When reading your work through do you ever find that your daily mood swings are reflected in your writing?
Mood swings? WHAT MOOD SWINGS? Nah, I just rant my journal into a nervous breakdown.
Were any of your characters inspired by real people?
Yes. Not you though, Paula. I wouldn’t dare, not when you’re always sharing dragging-dead-bodies-through-the-woods memes! Several of the characters in my MA dissertation stories were inspired by real people, but sometimes it’s unintentional – my mum laughs because she can often ‘hear’ herself or her dad! There’s a lot of me in my stories too, even in the many ‘old men’ characters. Is my secret safe with you?
Is there anything about you your readers might be surprised to find out?

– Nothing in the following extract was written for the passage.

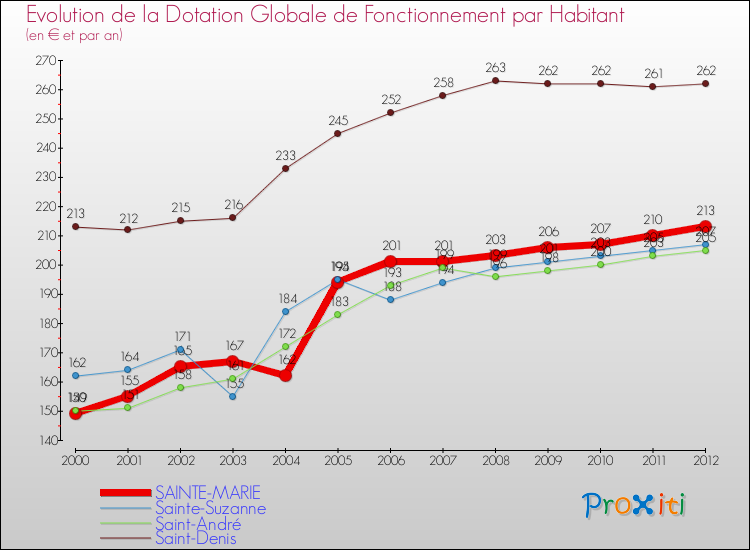 Evolution et montant de la dotation globale de fonctionnement par Habitant pour SAINTE-MARIE et les communes proches Comparaison des dotations globales de fonctionnement par habitant pour SAINTE-MARIE et les communes voisines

Hmm, not much. I have a reputation for being an open book – well, in my case, an open short-story-anthology. Maybe my ‘past life’ as a music tutor, brass band conductor, and trombonist? Maybe that I’m only 26? I have the audacity (another good word) to write a lot of older characters. The youth of today, eh?
Did you uncover things about yourself while writing your books (or stories, play, poem) whether that be a long forgotten memory, a positive experience etc.
Ew, yes. It’s uncomfortable at times. I’ve often used memories of tragic events and emotions in my writing. Creativity can be therapeutic though, with so much potential for making sense of the world and bringing beauty out of hardship.
Sorry, that got a bit serious, Paula. Fancy another biscuit before I scoff the lot?
I’m good Hannah. Help yourself, but this time try not to spray me with biscuit crumbs. 😉
How many hours in a day do you write?
I’m doing well if I manage 2hrs. 3hrs at a push. After that, my brain shuts down. I’ve tried everything from 10mins at a time to 2hrs in one go. It makes no difference to the length of time I spend writing.
How do you select the names of your characters?
It varies. Sometimes it’s instinctive. Other times I spend a while researching different names and meanings or looking up names that were popular in the year my character was born. I did that for one of my recent stories. She lived in house No.11, so I thought I’d find the year she was born and choose the 11th on the list, whatever it was. It was ‘Hannah’! If that wasn’t weird enough already, the character was also loosely based on me. I went with ‘Alexandra’ instead.
How long on average does it take you to write a book (story, poem, or play)?
It takes a long time. I’m a slow writer. I have great admiration for all my writing friends who crank out great stories at a crazy speed. One of my 2000-word stories took 4 years! I wasn’t working on it the whole time though, obviously…that would be a bit much, even for me.
Thank you so much for join me in the tearoom today, Hannah, it’s been lovely. Below is Hannah’s bio and links to social media.
Hannah Retallick is from Anglesey, North Wales. She was home educated and then studied with the Open University, graduating with a First-class honours degree, BA in Humanities with Creative Writing and Music, before passing her Creative Writing MA with a Distinction. She was shortlisted in the Writing Awards at the Scottish Mental Health Arts Festival 2019, the Cambridge Short Story Prize, the Henshaw Short Story Competition June 2019, and the Bedford International Writing Competition 2019.